*Assignment*: Reprint the entire listing exactly.

*Input records*:
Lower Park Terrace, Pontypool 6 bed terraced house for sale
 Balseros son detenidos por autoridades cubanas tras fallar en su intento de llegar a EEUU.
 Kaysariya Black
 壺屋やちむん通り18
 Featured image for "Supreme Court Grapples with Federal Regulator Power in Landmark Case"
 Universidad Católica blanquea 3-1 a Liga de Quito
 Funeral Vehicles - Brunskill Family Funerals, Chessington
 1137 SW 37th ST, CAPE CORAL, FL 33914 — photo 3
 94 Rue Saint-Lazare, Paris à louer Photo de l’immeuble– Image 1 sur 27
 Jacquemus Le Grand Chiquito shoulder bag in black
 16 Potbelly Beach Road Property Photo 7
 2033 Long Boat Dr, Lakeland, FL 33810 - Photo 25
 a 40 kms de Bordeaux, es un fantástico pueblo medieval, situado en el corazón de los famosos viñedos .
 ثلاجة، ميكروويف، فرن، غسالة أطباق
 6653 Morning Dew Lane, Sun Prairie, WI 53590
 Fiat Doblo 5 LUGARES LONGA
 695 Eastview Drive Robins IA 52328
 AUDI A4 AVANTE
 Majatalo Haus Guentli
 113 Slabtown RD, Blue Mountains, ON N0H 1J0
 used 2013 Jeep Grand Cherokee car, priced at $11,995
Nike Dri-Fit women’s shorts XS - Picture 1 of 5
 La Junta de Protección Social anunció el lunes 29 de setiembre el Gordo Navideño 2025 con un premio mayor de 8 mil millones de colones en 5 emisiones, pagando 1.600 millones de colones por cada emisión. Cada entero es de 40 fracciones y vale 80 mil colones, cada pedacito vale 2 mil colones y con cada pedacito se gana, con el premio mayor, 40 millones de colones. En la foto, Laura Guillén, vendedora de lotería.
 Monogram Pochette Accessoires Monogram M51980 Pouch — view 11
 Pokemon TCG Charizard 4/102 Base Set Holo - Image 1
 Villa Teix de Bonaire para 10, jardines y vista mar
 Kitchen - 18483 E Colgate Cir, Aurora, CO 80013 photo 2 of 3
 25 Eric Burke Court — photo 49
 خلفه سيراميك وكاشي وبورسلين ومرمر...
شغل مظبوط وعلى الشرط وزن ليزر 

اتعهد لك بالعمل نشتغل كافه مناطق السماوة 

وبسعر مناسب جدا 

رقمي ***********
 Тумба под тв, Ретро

*Exercise answer*:
Lower Park Terrace, Pontypool 6 bed terraced house for sale
 Balseros son detenidos por autoridades cubanas tras fallar en su intento de llegar a EEUU.
 Kaysariya Black
 壺屋やちむん通り18
 Featured image for "Supreme Court Grapples with Federal Regulator Power in Landmark Case"
 Universidad Católica blanquea 3-1 a Liga de Quito
 Funeral Vehicles - Brunskill Family Funerals, Chessington
 1137 SW 37th ST, CAPE CORAL, FL 33914 — photo 3
 94 Rue Saint-Lazare, Paris à louer Photo de l’immeuble– Image 1 sur 27
 Jacquemus Le Grand Chiquito shoulder bag in black
 16 Potbelly Beach Road Property Photo 7
 2033 Long Boat Dr, Lakeland, FL 33810 - Photo 25
 a 40 kms de Bordeaux, es un fantástico pueblo medieval, situado en el corazón de los famosos viñedos .
 ثلاجة، ميكروويف، فرن، غسالة أطباق
 6653 Morning Dew Lane, Sun Prairie, WI 53590
 Fiat Doblo 5 LUGARES LONGA
 695 Eastview Drive Robins IA 52328
 AUDI A4 AVANTE
 Majatalo Haus Guentli
 113 Slabtown RD, Blue Mountains, ON N0H 1J0
 used 2013 Jeep Grand Cherokee car, priced at $11,995
Nike Dri-Fit women’s shorts XS - Picture 1 of 5
 La Junta de Protección Social anunció el lunes 29 de setiembre el Gordo Navideño 2025 con un premio mayor de 8 mil millones de colones en 5 emisiones, pagando 1.600 millones de colones por cada emisión. Cada entero es de 40 fracciones y vale 80 mil colones, cada pedacito vale 2 mil colones y con cada pedacito se gana, con el premio mayor, 40 millones de colones. En la foto, Laura Guillén, vendedora de lotería.
 Monogram Pochette Accessoires Monogram M51980 Pouch — view 11
 Pokemon TCG Charizard 4/102 Base Set Holo - Image 1
 Villa Teix de Bonaire para 10, jardines y vista mar
 Kitchen - 18483 E Colgate Cir, Aurora, CO 80013 photo 2 of 3
 25 Eric Burke Court — photo 49
 خلفه سيراميك وكاشي وبورسلين ومرمر...
شغل مظبوط وعلى الشرط وزن ليزر 

اتعهد لك بالعمل نشتغل كافه مناطق السماوة 

وبسعر مناسب جدا 

رقمي ***********
 Тумба под тв, Ретро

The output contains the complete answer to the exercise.